I don't have many memories of dad. The last time I saw him was right before he went into the hospital for a final operation on his pancreas. It was an operation he would not recover from. I was eight the last time I saw dad. He died six months later in San Francisco. I had just celebrated my ninth birthday.
This is one of the few surving photos I have of him -- with my mother -- LOOOONGGG before Bill Bird was even thought of.
What memories I do have are fleeting at best. I don't remember father ever living at home. He was a "weekend dad" by the time I actually got to know him. He left my mother, two sisters and my brother when I was just three. I don't have any memories of this -- except to say that "dad" didn't live at home.
Instead -- dad lived with my "other" mom -- Clara. Although my father often referred to Clara as my "other mom" I certainly never called her that. It was enough to earn a warning glare from Clara's eyes. I don't think she liked me much -- although I do remember that she purchased a pair of flip-flops (which we called "thongs" back in the day) for me once.
It was a rare act of kindness.
But dad and gardening went together like peas in a pod. It was a recent Fathers Day posting from Geno's Garden that brought back memories of my father's garden.

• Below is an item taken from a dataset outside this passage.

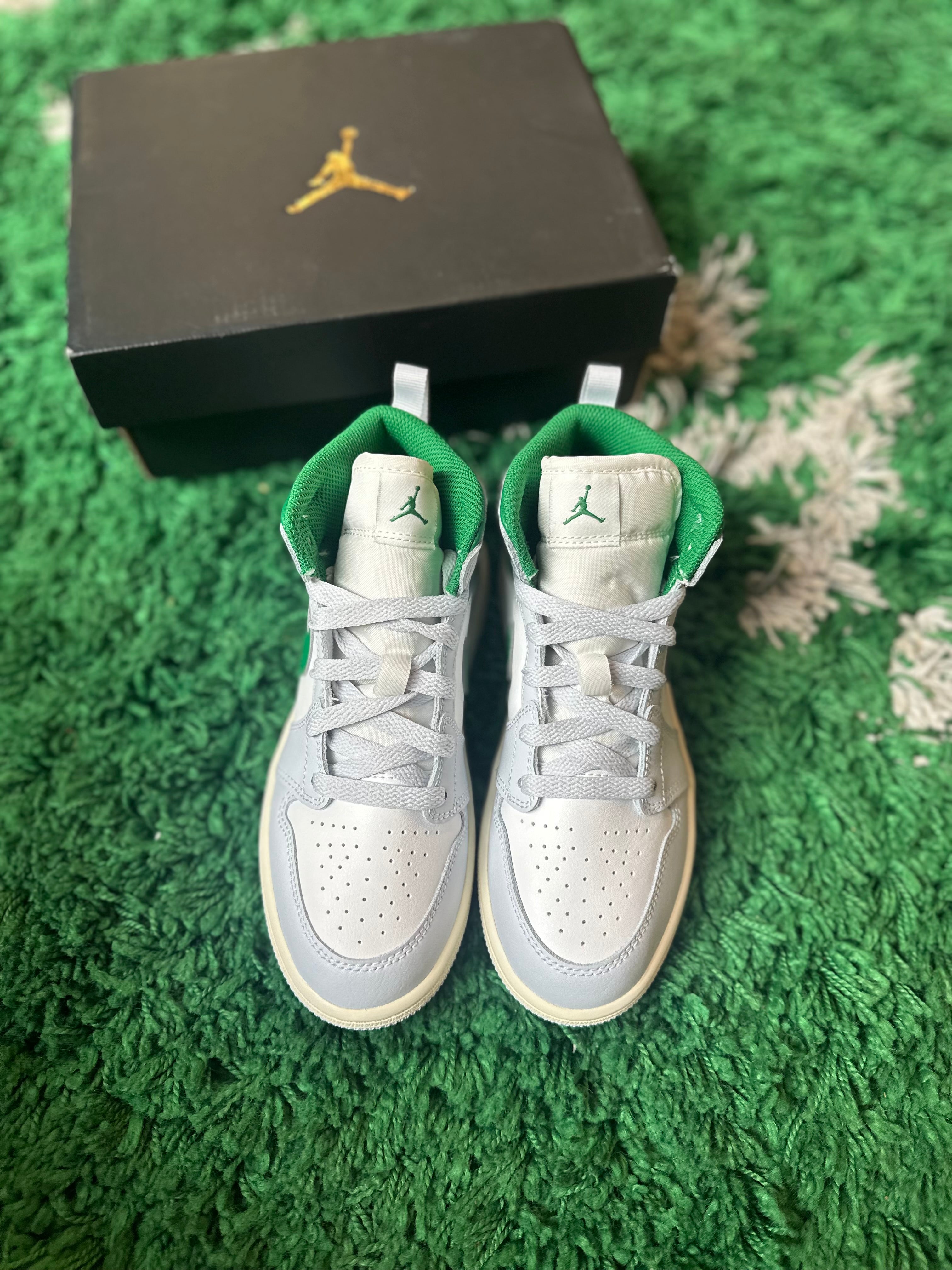 Jordan 1 MID “Summit White Sail Green” PS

Although it was a large garden (the old man would dig up half the yard in the spring) -- it seemed to consist of only two summer-time crops: corn and tomatoes.
If there was more -- then I missed it. But I do know this much: Dad loved his corn on the cob until his dying day. No backyard barbeque was complete without corn on the cob and chunks or slices of freshly harvested tomatoes.

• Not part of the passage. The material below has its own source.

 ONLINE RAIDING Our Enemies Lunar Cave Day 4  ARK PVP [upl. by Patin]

Those summer barbeques serve as my best memories of dad -- that and weekend trips to mountain property that he had recently purchased just north of Jackson (wild and secluded in the late sixties and early seventies -- it now serves as a home to a subdivision built around a golf course).
Dad would pick us up in the morning. He was either holding a beer while driving us kids around or already had been drinking for quite some time despite the early morning hour. Near accidents -- as you might be able to imagine -- were commonplace. But I didn't know any better. I was a six or seven year old kid! And dad was taking us out to the mountains or a barbeque at his house.

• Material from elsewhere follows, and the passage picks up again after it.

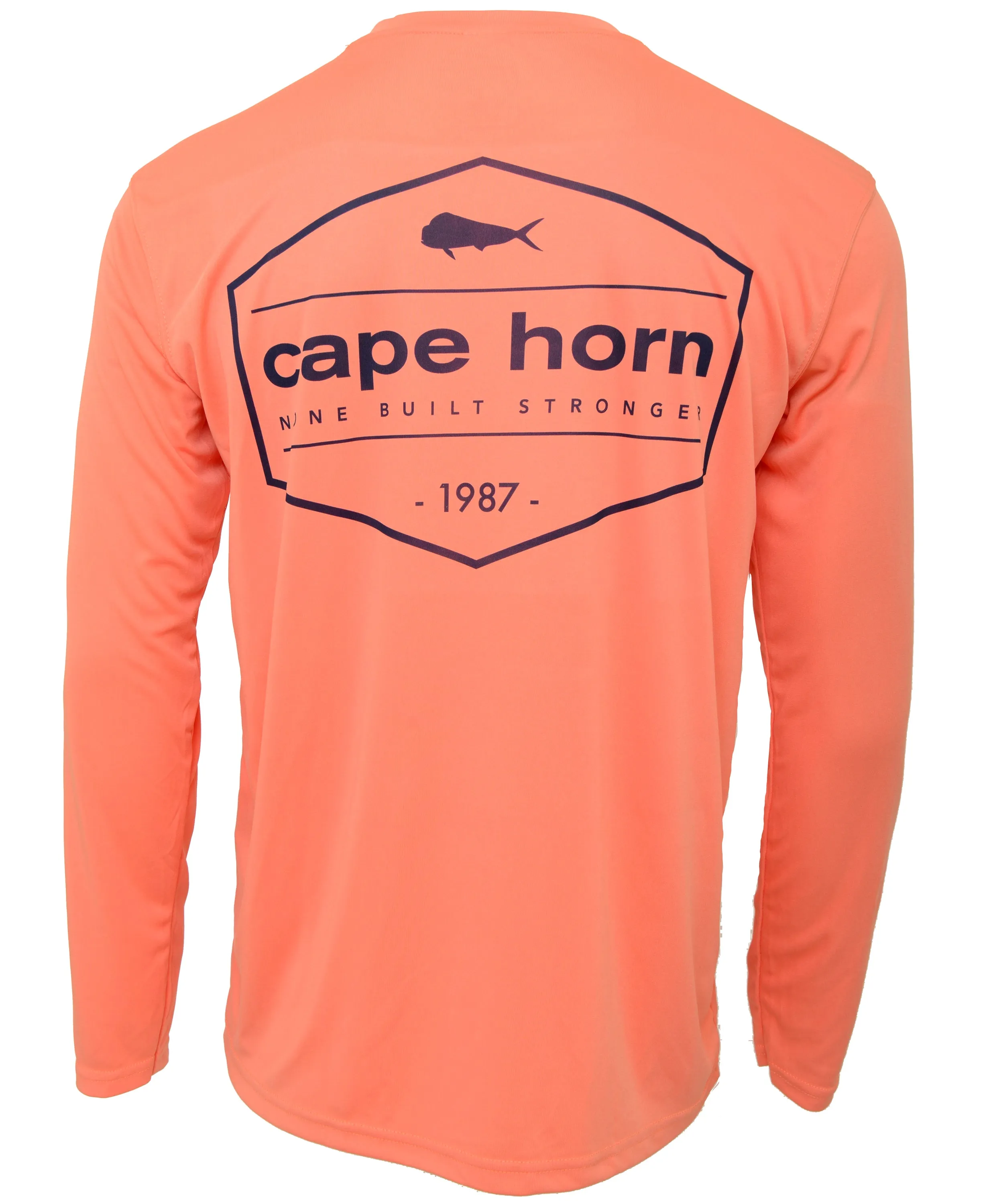 Cape Horn Vintage Stamp Performance Long Sleeve Shirt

It didn't get much better than that.
As we marveled at the corn and tomatoes growing tall in the backyard of his Modesto home -- my brother and I did our very best to impale one another with a challenge game of lawn darts. It was either that -- or chase each other around with croquet mallets (games of croquet or lawn darts always followed barbeques -- a Bird family rule).
Although I seem to remember this period of my life lasting nearly forever -- it was fairly short in terms of real years. My "other mother" Clara would eventually tire of my father's antics -- throwing him out of her house. Trips to the mountain property became more infrequent -- as his time at the Tiki Lounge and other Modesto bars gained precedence and importance over family affairs.
And then -- one day -- my mother sent me off to fifth grade at Standiford Elementary School after coldly informing me that dad had died the night before in a San Francisco hospital. Although I didn't know it then -- it was a sign that childhood was over.
I can only imagine what dad would think of our gardening efforts today. Perhaps he would want an ear or two of freshly buttered corn -- or slices of that heirloom tomato covered with salt, oregano and other herbs. Perhaps he'd like another cold one from the kegerator in the GarageMahal.
My guess is he would want all three.
Although there have been many a barbeque since Andrew Jackson Bird Sr. passed from this place in 1972 -- none have been quite the same.
5 comments:
Very nice post. I, too, lost my father at an early age (9).
I think my dad would have liked to share some of that corn and tomatoes, and have one of those beers, too!
A beautiful post, Bill. Your father also grew a wonderful son.
Bill, dad died in March of 1973, about three months before your 10th birthday. If he had died just after celebrating your 9th birthday, mom wouldn't have sent you off to school - that would have been June. Maybe you were confused with Mary, who died six days before your 19th birthday in June 1982.
Brother Andrew? Have you entered the seminary brother in law Andy?